Russell Sidney Colley (July 22, 1897 – February 4, 1996) was a U. S. mechanical engineer who played a role in creating the spacesuits worn by the Project Mercury astronauts, including fitting Alan B. Shepard Jr. for his historic ride as America's first man in space on May 5, 1961.

== Early life ==
Colley was born in Stoneham, Massachusetts on July 22, 1897. He originally wanted to design women's clothing, but his parents strongly urged him to enroll at the Wentworth Institute (now Wentworth Institute of Technology), from which he graduated in 1918.

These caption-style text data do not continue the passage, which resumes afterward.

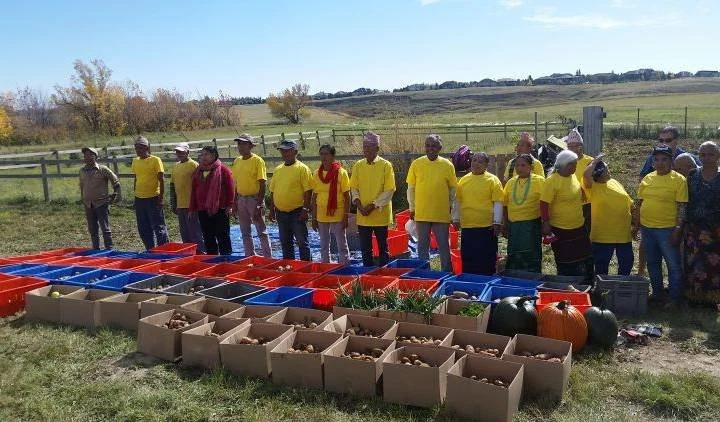 Lethbridge food banks receive hundreds of pounds of fresh produce from Lethbridge Bhutanese Seniors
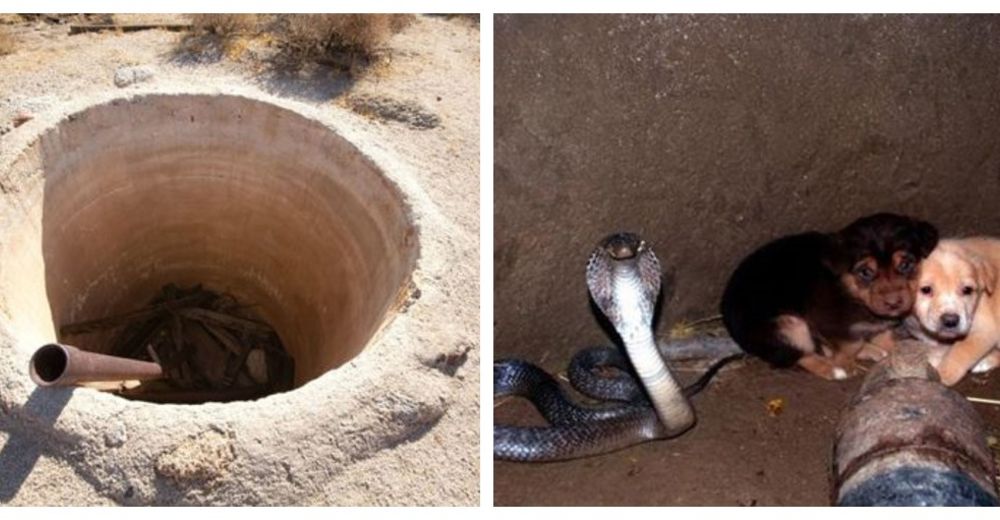 Dos cachorros caen en un pozo junto a una cobra, y sucedió algo inesperado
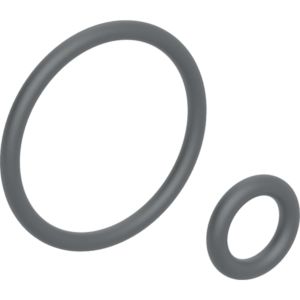 Geberit O-Ring für Duscharm 242176001 zu Geberit AquaClean 4000 / Sela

In 1928, Colley moved to Akron, Ohio to become a mechanical engineer for the B. F. Goodrich Co. There, he made the "Riv-nut" that allowed a single worker to affix rivets to airplane wings. Also, after fellow engineer William Geer came up with the idea for the first aircraft de-icer in 1932, Colley was asked to make the device operational. Colley then tested the device during a storm that had grounded every other plane, according to a story in the Akron Beacon Journal. Plane de-icers became - and still are - a major product for Goodrich.

== Developing pressure suits ==
In 1934, Colley was handed a new assignment: help pioneering pilot Wiley Post reach the jet stream and break new altitude records. Post needed a pressurized suit, and Colley designed him one using his wife's sewing machine. The pressure suit had three layers: the innermost one was long underwear, the middle layer was a rubberized air pressure bladder, and the outer layer was made of rubberized parachute fabric. Rubber boots, pigskin gloves, and a diver's helmet with a removable faceplate were added.

Post tried the suit on September 5, 1935 and reached an altitude of 40,000 feet, an unofficial record. He eventually reached 47,000 feet in the suit.

In the 1940s, Colley helped design the Goodrich XH-5 full-pressure suit for the U.S. Army Air Force, which was inspired by the segments of a tomato worm Colley observed in his garden. Colley and his collaborators were awarded a patent for this suit in 1946.

Colley continued to develop full-pressure suits for the U.S. Navy during the 1940s and 1950s, and appeared as a guest on the TV program What's My Line? in 1959.

With Carl F. Effler and Donald D. Ewing, Colley led the design of the Goodrich space suits used by the Mercury astronauts, modified versions of the Navy Mark IV pressure suit. All six original Mercury astronauts went to Akron to be fitted by Colley for their suits, which were two-ply silver nylon coated with neoprene.

After Shepard's flight aboard Freedom 7, the Akron press dubbed Colley "First Tailor of the Space Age" and Goodrich saluted him as "Father of the Spacesuit".

Colley also designed special gloves worn by John Glenn, when he became the first American to orbit space in 1962. Glenn wanted the fingertips to light up so he could see his instrument panel, since lighting in the spaceship was sacrificed to keep the weight down.

Glenn often floated around the spaceship using the fingertips for light, near the end of his 1962 orbit, he described his last few moments in space as a "lights out" experience, as the lights malfunctioned in his fingertips leaving him without any way to see.

== Later life and hobbies and death==

Colley received NASA's Distinguished Public Service Medal in 1994.

Colley collected 65 patents in his career. When he retired from NASA, he returned to Ohio, where he practiced jewelry design with his exquisite gem cuts, featured in The Lapidary Journal.

A watercolor artist, Colley was an original member of the Whiskey Painters of America, founded in 1951 in Akron by industrial designer Joe Ferriot. Colley and others perfected the genre of painting miniature watercolors using alcohol as the medium.

Russell Colley died February 4, 1996, in Springfield, Ohio.